_The data:_
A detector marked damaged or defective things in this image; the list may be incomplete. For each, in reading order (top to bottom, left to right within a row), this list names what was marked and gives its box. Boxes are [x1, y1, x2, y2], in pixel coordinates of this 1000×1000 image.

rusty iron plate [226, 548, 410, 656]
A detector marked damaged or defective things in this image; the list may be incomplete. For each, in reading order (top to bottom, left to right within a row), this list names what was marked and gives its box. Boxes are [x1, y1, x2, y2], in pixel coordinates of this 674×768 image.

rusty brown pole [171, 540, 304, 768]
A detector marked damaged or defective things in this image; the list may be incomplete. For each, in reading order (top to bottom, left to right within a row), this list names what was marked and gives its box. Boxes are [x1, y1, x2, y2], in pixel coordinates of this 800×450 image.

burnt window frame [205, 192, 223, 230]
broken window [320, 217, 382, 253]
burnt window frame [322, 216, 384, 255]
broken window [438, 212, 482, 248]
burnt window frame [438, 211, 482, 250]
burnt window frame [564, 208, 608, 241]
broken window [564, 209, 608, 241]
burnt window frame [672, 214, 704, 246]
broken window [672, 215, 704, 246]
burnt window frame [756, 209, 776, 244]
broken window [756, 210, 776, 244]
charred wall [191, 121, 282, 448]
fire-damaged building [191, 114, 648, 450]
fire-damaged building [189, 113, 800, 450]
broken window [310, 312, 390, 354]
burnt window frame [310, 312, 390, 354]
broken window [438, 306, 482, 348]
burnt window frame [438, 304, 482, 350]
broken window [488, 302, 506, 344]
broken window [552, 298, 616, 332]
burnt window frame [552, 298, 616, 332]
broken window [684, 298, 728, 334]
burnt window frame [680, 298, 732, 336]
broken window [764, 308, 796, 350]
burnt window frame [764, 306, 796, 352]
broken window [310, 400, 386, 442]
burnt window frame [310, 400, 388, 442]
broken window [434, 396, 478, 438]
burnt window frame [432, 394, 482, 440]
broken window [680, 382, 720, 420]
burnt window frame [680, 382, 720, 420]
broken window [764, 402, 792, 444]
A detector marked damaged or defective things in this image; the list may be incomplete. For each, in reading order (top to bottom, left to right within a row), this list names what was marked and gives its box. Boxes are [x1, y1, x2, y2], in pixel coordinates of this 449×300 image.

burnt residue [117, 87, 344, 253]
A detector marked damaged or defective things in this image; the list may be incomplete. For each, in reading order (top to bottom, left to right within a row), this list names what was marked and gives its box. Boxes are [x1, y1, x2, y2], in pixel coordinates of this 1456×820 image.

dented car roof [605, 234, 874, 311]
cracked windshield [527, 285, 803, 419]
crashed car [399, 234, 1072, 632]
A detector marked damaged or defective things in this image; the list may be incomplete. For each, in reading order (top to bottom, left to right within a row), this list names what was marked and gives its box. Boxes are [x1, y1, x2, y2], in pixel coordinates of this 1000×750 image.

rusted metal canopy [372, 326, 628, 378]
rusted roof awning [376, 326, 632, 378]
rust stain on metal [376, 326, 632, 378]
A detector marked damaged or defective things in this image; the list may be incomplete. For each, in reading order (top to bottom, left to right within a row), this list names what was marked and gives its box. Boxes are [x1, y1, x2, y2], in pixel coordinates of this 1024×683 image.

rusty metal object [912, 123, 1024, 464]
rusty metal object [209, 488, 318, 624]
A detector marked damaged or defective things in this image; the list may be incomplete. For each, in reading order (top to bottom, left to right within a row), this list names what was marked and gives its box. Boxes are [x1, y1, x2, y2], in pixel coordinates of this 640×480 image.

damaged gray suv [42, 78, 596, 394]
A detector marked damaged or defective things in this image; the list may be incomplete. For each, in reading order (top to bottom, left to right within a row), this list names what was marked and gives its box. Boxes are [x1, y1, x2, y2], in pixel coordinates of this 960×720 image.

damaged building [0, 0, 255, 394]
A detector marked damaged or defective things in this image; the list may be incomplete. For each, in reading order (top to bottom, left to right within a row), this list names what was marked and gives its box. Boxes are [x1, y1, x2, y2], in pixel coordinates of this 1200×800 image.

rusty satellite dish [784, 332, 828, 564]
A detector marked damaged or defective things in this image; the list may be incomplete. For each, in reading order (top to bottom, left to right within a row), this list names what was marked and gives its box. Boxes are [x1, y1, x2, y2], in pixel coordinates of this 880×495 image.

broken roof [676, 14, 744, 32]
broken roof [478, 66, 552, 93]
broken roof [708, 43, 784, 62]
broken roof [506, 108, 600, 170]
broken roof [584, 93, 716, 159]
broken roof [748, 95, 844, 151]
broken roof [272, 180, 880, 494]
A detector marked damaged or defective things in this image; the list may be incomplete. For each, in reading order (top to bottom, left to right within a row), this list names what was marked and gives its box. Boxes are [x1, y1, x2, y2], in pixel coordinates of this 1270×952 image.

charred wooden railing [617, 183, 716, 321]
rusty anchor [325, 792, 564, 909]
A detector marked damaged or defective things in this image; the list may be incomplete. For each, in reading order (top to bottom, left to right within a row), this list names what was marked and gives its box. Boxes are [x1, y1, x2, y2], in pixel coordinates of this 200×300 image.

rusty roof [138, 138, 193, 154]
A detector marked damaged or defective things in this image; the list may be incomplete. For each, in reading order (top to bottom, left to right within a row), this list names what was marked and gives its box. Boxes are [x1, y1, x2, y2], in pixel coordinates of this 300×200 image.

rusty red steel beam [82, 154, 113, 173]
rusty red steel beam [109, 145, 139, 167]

_Problem description:_
Output must be limited to the lines beginning with the one that contains "this 200×300 image." and ending with the last line of the entries, reproduced exactly.

_Solved problem:_
A detector marked damaged or defective things in this image; the list may be incomplete. For each, in reading order (top to bottom, left to right within a row), this list names what was marked and gives its box. Boxes are [x1, y1, x2, y2], in pixel coordinates of this 200×300 image.

rusty roof [138, 138, 193, 154]
A detector marked damaged or defective things in this image; the list may be incomplete. For each, in reading order (top to bottom, left to right within a row), this list names what was marked and gives its box. Boxes are [x1, y1, x2, y2], in pixel coordinates of this 300×200 image.

rusty red steel beam [82, 154, 113, 173]
rusty red steel beam [109, 145, 139, 167]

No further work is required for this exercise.